Tutorial 05: Comparison: Cowell vs Encke

This tutorial compares absolute numerical integration (Cowell’s Method) and perturbative numerical integration (Encke’s Method) within OpenGNC.

Theory Prerequisites

1. Cowell’s Method

Integrates the absolute equations of motion directly. The state integrated is the absolute position \(\mathbf{r}\) and velocity \(\mathbf{v}\):

\[ \ddot{\mathbf{r}} = -\frac{\mu}{r^3}\mathbf{r} + \mathbf{a}_{pert} \]

2. Encke’s Method

Useful for orbits where perturbations are small. It integrates the deviation \(\delta \mathbf{r}\) from a reference Keplerian orbit \(\mathbf{r}_{ref}\):

\[ \mathbf{r} = \mathbf{r}_{ref} + \delta \mathbf{r} \]

\[ \ddot{\delta \mathbf{r}} = \frac{\mu}{r_{ref}^3} \left( f(q)\mathbf{r}_{ref} - \delta\mathbf{r} \right) + \mathbf{a}_{pert} \]

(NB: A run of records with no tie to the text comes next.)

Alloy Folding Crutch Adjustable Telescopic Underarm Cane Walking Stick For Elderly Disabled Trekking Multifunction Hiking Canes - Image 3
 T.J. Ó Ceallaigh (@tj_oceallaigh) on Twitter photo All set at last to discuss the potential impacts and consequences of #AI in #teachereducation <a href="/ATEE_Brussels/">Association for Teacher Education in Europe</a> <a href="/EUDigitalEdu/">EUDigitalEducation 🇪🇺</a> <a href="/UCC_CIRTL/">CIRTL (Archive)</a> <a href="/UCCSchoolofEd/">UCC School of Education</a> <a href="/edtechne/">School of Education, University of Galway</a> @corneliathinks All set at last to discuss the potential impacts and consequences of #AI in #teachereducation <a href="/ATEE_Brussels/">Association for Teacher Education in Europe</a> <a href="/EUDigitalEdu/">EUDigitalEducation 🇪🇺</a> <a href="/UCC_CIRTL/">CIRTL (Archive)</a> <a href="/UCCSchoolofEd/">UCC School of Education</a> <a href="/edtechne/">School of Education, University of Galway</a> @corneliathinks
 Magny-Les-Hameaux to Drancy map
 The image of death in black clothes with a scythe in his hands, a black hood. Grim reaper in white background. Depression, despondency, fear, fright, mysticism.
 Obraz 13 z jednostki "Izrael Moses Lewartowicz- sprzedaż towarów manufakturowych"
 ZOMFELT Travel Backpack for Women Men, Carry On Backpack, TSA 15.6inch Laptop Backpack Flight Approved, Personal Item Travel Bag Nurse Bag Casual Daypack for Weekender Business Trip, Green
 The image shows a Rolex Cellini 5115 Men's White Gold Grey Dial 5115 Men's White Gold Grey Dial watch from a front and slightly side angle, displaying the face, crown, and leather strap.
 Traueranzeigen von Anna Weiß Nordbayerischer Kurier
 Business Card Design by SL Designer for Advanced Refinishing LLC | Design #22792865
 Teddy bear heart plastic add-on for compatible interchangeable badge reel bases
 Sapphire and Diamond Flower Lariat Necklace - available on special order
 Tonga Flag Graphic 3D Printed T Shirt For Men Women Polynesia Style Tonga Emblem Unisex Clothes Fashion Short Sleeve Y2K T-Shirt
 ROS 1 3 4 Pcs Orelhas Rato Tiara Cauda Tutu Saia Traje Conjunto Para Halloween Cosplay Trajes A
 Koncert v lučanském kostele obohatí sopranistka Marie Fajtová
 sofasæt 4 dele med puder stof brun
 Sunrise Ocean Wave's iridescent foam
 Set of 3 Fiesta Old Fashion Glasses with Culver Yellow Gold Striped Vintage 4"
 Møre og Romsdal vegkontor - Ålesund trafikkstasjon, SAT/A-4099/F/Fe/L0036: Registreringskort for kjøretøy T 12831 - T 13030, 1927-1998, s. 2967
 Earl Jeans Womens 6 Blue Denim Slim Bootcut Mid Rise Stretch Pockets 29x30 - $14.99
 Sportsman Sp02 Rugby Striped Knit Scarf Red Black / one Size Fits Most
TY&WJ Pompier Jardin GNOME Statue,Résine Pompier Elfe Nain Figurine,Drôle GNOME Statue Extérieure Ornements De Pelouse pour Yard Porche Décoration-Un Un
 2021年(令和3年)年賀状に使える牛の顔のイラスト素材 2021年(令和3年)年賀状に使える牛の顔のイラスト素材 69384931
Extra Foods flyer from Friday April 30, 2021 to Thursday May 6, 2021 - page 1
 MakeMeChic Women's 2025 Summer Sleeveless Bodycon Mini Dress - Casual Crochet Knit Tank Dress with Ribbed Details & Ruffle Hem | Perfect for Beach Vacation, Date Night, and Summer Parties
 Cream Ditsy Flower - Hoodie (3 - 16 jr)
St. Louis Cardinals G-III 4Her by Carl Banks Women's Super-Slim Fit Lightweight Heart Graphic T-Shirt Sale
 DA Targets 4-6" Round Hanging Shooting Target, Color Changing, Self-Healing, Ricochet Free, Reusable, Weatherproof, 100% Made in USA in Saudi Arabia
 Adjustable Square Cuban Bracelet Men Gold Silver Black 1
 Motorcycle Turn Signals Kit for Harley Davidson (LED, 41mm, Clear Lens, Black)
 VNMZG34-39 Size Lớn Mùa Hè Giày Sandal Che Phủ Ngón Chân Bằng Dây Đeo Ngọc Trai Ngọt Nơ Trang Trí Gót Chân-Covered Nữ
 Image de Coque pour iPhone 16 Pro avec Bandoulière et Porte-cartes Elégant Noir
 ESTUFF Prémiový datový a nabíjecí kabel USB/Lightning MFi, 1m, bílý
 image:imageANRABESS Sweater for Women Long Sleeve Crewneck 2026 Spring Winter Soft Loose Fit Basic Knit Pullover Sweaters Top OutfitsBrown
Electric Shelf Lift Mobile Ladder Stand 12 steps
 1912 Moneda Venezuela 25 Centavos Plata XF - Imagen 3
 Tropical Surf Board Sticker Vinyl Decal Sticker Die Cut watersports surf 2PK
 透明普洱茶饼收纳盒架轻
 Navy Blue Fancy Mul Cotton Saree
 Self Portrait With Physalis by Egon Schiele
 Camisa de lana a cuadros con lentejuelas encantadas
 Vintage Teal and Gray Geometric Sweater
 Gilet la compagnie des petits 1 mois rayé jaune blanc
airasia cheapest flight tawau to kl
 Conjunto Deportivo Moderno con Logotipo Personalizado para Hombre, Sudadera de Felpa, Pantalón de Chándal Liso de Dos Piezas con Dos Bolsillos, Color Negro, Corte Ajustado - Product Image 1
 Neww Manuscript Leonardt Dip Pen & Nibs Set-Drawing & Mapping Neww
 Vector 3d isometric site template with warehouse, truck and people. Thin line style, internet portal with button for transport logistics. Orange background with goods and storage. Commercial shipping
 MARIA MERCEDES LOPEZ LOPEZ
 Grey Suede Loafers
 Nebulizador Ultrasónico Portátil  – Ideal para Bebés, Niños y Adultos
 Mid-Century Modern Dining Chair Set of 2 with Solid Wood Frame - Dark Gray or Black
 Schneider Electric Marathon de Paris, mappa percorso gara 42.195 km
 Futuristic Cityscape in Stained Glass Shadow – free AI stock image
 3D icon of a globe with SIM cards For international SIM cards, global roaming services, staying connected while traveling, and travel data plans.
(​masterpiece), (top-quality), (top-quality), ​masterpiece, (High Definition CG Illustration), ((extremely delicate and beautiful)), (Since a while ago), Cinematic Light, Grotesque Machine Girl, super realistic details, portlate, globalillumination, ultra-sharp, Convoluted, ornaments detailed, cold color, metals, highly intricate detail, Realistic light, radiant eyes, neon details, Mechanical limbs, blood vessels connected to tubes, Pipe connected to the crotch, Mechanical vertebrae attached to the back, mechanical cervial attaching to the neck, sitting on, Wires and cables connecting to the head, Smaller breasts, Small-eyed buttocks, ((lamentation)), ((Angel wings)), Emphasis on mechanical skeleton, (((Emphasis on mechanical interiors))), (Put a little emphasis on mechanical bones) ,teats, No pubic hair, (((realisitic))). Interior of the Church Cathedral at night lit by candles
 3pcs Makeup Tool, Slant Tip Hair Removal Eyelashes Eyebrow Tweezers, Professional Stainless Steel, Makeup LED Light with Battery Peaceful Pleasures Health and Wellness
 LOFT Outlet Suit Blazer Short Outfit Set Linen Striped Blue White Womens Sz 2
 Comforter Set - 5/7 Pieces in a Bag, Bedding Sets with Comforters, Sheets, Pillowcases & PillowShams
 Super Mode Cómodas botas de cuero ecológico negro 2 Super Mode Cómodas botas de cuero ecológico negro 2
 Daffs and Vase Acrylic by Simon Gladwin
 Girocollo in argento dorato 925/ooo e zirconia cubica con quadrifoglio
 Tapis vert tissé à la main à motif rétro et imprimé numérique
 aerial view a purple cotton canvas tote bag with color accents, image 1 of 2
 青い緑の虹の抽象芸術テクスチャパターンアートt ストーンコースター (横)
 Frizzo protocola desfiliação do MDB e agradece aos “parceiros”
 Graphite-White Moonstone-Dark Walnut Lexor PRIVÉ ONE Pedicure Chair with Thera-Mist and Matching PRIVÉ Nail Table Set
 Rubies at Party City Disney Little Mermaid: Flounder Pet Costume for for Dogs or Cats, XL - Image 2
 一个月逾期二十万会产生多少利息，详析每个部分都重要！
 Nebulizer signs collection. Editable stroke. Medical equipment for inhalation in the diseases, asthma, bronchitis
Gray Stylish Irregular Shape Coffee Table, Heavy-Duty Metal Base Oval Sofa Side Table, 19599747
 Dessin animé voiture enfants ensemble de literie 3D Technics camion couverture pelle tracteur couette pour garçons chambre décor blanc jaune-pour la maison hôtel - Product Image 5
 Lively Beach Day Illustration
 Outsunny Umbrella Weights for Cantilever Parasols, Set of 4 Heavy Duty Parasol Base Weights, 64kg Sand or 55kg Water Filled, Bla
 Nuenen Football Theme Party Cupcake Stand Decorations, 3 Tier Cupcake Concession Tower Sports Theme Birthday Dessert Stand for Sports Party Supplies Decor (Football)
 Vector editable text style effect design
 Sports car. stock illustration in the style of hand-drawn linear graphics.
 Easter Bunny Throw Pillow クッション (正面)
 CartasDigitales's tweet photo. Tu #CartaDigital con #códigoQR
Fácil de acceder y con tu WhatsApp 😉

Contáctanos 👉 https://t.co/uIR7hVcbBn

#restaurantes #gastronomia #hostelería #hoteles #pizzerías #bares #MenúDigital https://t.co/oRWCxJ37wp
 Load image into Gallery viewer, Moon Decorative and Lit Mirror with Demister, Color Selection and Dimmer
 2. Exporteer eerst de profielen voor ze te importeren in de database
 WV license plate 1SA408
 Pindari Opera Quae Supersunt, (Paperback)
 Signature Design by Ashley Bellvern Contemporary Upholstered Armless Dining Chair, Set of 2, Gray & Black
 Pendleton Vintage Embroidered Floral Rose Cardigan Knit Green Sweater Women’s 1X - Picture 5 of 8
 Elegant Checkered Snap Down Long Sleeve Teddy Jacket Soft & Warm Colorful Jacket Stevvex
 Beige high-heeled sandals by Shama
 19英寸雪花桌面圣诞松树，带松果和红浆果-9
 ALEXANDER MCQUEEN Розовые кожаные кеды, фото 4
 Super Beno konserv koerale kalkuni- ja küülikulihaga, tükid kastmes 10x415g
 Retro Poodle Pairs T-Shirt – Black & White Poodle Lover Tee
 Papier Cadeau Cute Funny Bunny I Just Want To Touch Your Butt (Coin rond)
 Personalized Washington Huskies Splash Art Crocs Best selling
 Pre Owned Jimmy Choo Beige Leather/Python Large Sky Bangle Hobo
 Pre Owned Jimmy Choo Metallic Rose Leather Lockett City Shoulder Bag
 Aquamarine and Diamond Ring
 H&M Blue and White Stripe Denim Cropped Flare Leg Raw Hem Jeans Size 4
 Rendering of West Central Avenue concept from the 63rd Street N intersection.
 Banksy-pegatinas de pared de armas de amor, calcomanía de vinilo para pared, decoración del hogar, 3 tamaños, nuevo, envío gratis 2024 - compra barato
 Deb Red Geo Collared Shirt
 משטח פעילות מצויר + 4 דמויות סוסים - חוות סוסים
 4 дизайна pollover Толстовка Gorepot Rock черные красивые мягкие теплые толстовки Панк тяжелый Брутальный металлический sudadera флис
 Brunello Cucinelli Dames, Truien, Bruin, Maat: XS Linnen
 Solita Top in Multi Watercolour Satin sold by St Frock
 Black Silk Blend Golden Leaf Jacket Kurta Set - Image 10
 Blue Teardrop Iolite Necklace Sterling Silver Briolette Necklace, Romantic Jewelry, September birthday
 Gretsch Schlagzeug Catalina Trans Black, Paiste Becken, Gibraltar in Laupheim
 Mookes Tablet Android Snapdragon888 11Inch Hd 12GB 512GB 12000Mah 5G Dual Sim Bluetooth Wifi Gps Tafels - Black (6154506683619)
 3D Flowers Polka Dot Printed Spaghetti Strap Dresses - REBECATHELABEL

where \(q = \frac{\delta\mathbf{r} \cdot (\delta\mathbf{r} - 2\mathbf{r}_{ref})}{r_{ref}^2}\). Encke’s method reduces numerical roundoff errors for bound orbits with small disturbances.

import numpy as np
import time
from opengnc.propagators.cowell import CowellPropagator
from opengnc.propagators.encke import EnckePropagator
from opengnc.disturbances.gravity import J2Gravity, TwoBodyGravity
from opengnc.integrators.rk4 import RK4

print("Propagator modules loaded.")

Propagator modules loaded.

1. Setup Simulation Environment

We define a LEO orbit and introduce a \(J_2\) disturbance to trigger the perturbative integrator loops on both solvers.

# Initial Orbit (m, m/s)
r_0 = np.array([7000000.0, 0.0, 0.0])
v_0 = np.array([0.0, 7546.0 * np.cos(np.radians(28)), 7546.0 * np.sin(np.radians(28))]) 

duration = 10000.0 # [s] - Approx 2 orbits
dt_step = 10.0 # Steps size [s]

def j2_perturbation(t, r, v):
    return J2Gravity().get_acceleration(r) - TwoBodyGravity().get_acceleration(r)

2. Cowell Propagation Benchmarking

cowell = CowellPropagator()

t0 = time.perf_counter()
r_f_cowell, v_f_cowell = cowell.propagate(r_0, v_0, duration, perturbation_acc_fn=j2_perturbation, dt_step=dt_step)
t_cowell = time.perf_counter() - t0

print(f"Cowell Final Pos:  {r_f_cowell} m")
print(f"Cowell Execution Time: {t_cowell:.6f} seconds")

Cowell Final Pos:  [-1310807.66896629 -6060113.86490409 -3226579.61689067] m
Cowell Execution Time: 0.096331 seconds

3. Encke Propagation Benchmarking

encke = EnckePropagator(rect_tol=1e-6) # Triggers rectification when deviation gets large

t0 = time.perf_counter()
r_f_encke, v_f_encke = encke.propagate(r_0, v_0, duration, perturbation_acc_fn=j2_perturbation, dt_step=dt_step)
t_encke = time.perf_counter() - t0

print(f"Encke Final Pos:  {r_f_encke} m")
print(f"Encke Execution Time: {t_encke:.6f} seconds")

Encke Final Pos:  [-1311079.24910403 -6060081.37923322 -3226564.18300095] m
Encke Execution Time: 0.337163 seconds

4. Comparison Summary

Let’s compare the magnitude difference between both methods and speed ratio.

pos_diff = np.linalg.norm(r_f_cowell - r_f_encke)
speedup = t_cowell / t_encke if t_encke > 0 else 1.0

print(f"Final Position Difference: {pos_diff:.6f} m")
print(f"Speed Advantage (Cowell/Encke ratio): {speedup:.2f}x")
print("\nNote: Encke is often faster/more accurate over long continuous orbits because it integrates smaller variables, reducing numerical noise limits on large loops.")

Final Position Difference: 273.951264 m
Speed Advantage (Cowell/Encke ratio): 0.29x

Note: Encke is often faster/more accurate over long continuous orbits because it integrates smaller variables, reducing numerical noise limits on large loops.